Die dreizehn Titel auf der ersten Ramones-LP sind denn auch nichts anderes als Punk-Literatur mit dem Vorschlaghammer geschrieben und getreu der Punk-Devise „sich ja nicht von was auch immer einlullen zu lassen“ auch so richtig schön negativ. Oder sind Worte wie  “I’m a shock trooper in a stupor / Yes I am / I’m a Nazi shatze / You know I fight for fatherland” etwa positiv ??? Tja, und das kommt dann so unprätentiös daher wie ein Sack Zement. Allen überflüssigen Ballast wie Gitarren- und Schlagzeug-Soli haben die Ramones über Bord gekippt, was hier abläuft ist ein Drei-Akkord-Bombardement! Drei Akkorde und sonst nichts. Fast scheint es, als hätten Joey, Johnny, Dee Dee und Tommy seit frühester Kindheit in einem Kellerloch von Manhattan gehaust, kein Radio und keinen Plattenspieler gehabt und nie im Leben etwas von den Beatles oder den Pink Floyd gehört. Vielleicht war das auch gut so. Die Debüt-Scheibe der Ramones – man kann sie nur hassen oder lieben – gehört zu jenen Platten, die tatsächlich den Lauf der Kultur beeeinflusst haben.

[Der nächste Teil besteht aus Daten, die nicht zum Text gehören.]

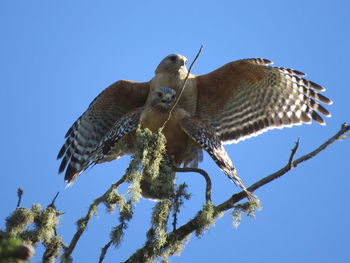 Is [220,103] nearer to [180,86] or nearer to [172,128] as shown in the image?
[180,86]

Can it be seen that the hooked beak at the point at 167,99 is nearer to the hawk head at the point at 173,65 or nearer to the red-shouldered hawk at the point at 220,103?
the red-shouldered hawk at the point at 220,103

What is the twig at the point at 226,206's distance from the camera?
14.2 feet

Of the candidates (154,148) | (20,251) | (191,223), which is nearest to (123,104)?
(154,148)

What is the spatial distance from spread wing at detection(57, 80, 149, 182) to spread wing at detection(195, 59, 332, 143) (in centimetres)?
100

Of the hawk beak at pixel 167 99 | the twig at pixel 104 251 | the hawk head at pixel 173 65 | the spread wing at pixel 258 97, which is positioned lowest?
the twig at pixel 104 251

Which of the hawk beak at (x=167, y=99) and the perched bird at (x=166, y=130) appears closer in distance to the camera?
the perched bird at (x=166, y=130)

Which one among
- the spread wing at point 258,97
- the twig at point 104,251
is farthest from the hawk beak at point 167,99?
the twig at point 104,251

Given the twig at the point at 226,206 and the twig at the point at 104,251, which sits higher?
the twig at the point at 226,206

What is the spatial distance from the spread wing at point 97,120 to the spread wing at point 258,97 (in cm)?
100

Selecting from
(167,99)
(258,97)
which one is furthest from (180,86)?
(258,97)

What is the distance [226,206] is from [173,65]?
3.28m

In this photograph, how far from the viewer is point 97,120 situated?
7.66 meters

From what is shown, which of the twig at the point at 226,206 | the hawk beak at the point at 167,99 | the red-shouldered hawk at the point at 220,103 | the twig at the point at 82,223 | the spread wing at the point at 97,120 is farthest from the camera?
the spread wing at the point at 97,120

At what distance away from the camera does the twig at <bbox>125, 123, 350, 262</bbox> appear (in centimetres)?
432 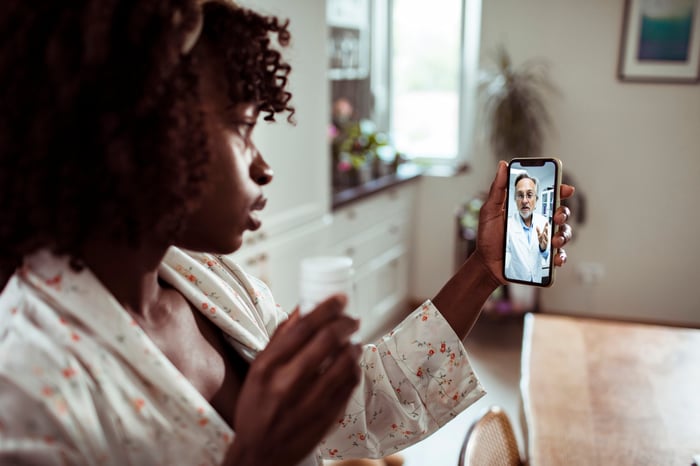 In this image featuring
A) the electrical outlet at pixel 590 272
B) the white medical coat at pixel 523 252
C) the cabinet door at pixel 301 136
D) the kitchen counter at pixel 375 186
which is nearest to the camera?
the white medical coat at pixel 523 252

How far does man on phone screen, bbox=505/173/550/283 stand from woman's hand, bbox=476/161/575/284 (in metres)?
0.02

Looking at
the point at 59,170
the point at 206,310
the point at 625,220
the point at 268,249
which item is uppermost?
the point at 59,170

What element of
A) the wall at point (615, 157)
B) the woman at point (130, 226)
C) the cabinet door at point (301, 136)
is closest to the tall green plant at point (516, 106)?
the wall at point (615, 157)

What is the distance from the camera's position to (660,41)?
373cm

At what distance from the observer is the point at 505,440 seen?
123cm

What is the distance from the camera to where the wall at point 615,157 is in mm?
3807

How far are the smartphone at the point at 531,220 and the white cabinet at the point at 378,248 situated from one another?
204 centimetres

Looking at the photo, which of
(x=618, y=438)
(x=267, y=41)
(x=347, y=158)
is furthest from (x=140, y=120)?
(x=347, y=158)

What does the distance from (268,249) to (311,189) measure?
401 millimetres

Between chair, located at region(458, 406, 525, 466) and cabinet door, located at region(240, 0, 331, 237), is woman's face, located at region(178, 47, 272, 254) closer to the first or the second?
chair, located at region(458, 406, 525, 466)

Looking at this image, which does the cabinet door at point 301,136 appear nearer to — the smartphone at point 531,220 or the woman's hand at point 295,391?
the smartphone at point 531,220

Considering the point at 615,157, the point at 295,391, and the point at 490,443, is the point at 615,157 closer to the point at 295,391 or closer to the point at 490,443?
the point at 490,443

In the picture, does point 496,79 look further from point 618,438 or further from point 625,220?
point 618,438

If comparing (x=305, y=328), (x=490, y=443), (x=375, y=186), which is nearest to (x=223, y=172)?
(x=305, y=328) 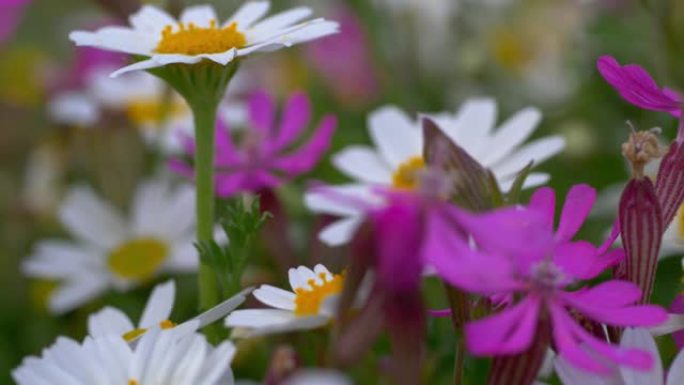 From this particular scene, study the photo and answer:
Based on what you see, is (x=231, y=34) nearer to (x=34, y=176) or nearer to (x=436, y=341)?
Result: (x=436, y=341)

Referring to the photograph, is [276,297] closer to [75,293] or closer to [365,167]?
[365,167]

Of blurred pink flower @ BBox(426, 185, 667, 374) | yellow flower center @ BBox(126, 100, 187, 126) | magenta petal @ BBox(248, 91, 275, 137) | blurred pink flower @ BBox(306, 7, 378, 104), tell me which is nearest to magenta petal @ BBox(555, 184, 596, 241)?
blurred pink flower @ BBox(426, 185, 667, 374)

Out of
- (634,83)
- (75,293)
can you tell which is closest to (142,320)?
(634,83)

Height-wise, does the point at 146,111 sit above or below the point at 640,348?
above

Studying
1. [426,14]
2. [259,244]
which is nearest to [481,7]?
[426,14]

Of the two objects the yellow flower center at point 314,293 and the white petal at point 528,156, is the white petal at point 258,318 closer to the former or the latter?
the yellow flower center at point 314,293

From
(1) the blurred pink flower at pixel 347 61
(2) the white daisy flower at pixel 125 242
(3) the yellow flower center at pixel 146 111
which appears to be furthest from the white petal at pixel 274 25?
(1) the blurred pink flower at pixel 347 61
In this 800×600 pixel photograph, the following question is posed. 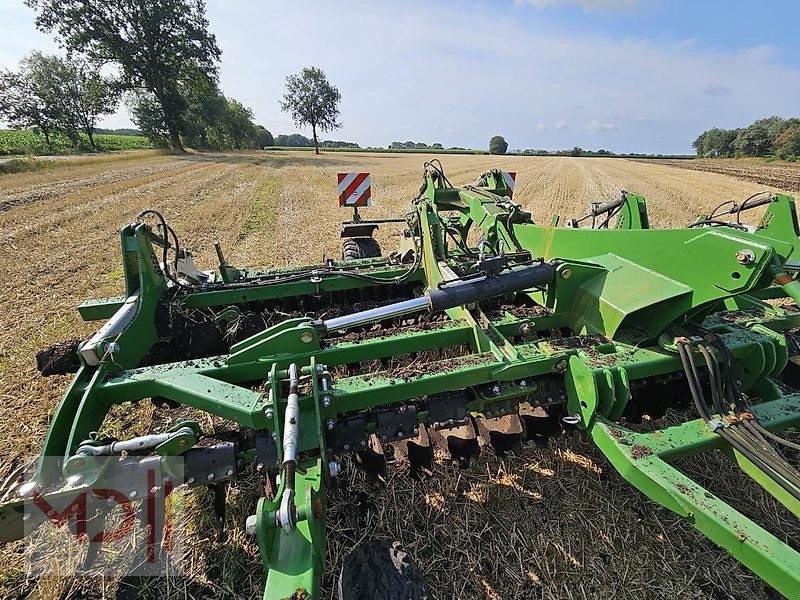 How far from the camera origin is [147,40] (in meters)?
37.8

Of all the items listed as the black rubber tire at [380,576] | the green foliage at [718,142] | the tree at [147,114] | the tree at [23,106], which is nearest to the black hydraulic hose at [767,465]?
the black rubber tire at [380,576]

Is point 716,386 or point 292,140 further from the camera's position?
point 292,140

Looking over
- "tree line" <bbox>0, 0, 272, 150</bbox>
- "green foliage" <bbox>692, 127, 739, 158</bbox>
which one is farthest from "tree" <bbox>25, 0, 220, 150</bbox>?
"green foliage" <bbox>692, 127, 739, 158</bbox>

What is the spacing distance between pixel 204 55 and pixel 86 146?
17.3m

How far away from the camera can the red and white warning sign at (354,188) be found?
5980 mm

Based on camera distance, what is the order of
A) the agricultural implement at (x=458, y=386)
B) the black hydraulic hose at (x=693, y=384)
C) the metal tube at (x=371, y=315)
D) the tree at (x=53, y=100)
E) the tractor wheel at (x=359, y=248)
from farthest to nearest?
the tree at (x=53, y=100) → the tractor wheel at (x=359, y=248) → the metal tube at (x=371, y=315) → the black hydraulic hose at (x=693, y=384) → the agricultural implement at (x=458, y=386)

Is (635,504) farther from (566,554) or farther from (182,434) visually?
(182,434)

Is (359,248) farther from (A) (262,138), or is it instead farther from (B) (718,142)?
(B) (718,142)

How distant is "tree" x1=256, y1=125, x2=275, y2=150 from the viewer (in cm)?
6731

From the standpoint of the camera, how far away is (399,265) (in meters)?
4.26

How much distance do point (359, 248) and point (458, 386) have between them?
3.73 meters

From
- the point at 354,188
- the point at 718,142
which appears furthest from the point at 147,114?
the point at 718,142

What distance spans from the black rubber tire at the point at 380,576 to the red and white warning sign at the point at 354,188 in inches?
196

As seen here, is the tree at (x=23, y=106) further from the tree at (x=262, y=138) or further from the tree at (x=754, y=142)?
the tree at (x=754, y=142) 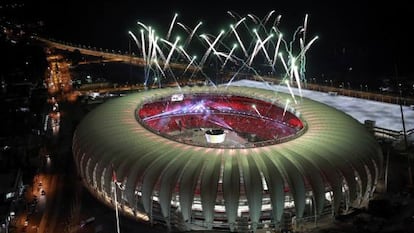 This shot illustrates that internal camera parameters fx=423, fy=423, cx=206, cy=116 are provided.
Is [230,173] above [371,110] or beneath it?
beneath

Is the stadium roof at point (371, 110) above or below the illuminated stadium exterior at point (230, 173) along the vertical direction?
above

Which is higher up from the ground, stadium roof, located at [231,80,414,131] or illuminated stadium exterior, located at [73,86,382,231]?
stadium roof, located at [231,80,414,131]

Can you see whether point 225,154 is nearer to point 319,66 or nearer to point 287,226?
point 287,226

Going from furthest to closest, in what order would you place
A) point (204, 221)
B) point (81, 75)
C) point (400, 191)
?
point (81, 75) → point (400, 191) → point (204, 221)

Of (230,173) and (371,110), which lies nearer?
(230,173)

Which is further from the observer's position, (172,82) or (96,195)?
(172,82)

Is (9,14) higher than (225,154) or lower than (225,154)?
higher

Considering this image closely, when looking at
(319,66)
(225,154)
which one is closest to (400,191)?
(225,154)

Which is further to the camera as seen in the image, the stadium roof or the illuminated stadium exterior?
the stadium roof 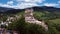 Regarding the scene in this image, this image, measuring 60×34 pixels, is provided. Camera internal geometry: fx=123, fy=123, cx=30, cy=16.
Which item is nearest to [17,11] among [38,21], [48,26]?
[38,21]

The Ramones, Leave Home, 1977

Produzent/ Tony Bongiovi

Label/ Sire Records

Manchmal verfolgt einen tage- oder sogar wochenlang eine Melodie, womöglich noch ein Schlager, den man eigentlich gar nicht ausstehen kann. So habe ich letzthin im Radio „Glad To See You Go Go Go“ von den Ramones gehört und seither nudelt dieses Lied vor meinem inneren Ohr. Auch von der Platte „Leave Home“, auf der sich der Song befindet, kann ich zur Zeit nicht genug bekommen, ich kann zur Tages- und Nachtzeit einen Song vertragen.

„Leave Home“ ist das zweite Album der Ramones. Geändert hat sich seit ihrem Debüt-Album nicht viel, nur dass „Leave Home“ vielseitiger produziert ist. Der Sound kommt für damalige Verhältnisse sehr „fett“ rüber. Die nächste Neuerung findet sich in den Backing Vocals, die auf dem Debüt noch eher rar gesät waren. Hier gibt es in so gut wie jedem Song eine zweite Stimme oder an die Beach Boys erinnernde Background-Chöre, die den rauen Gitarrenklängen entgegenwirkend einen Hauch Surf-Pop geben. Auch das Songwriting geht in eine etwas freundlichere Ecke, als die Lieder des ersten Albums. „I Remember You“ oder „Oh Oh I Love Her So“ sind da programmatisch. Aber für „Carbona Not Glue“ gab es wirklich Ärger, weil eine Reinigungsfirma ein Trademark auf diese Chemikalie angemeldet hatte. Der Song wurde von allen Nachpressungen des Albums genommen und durch „Sheena Is A Punk Rocker“ ersetzt.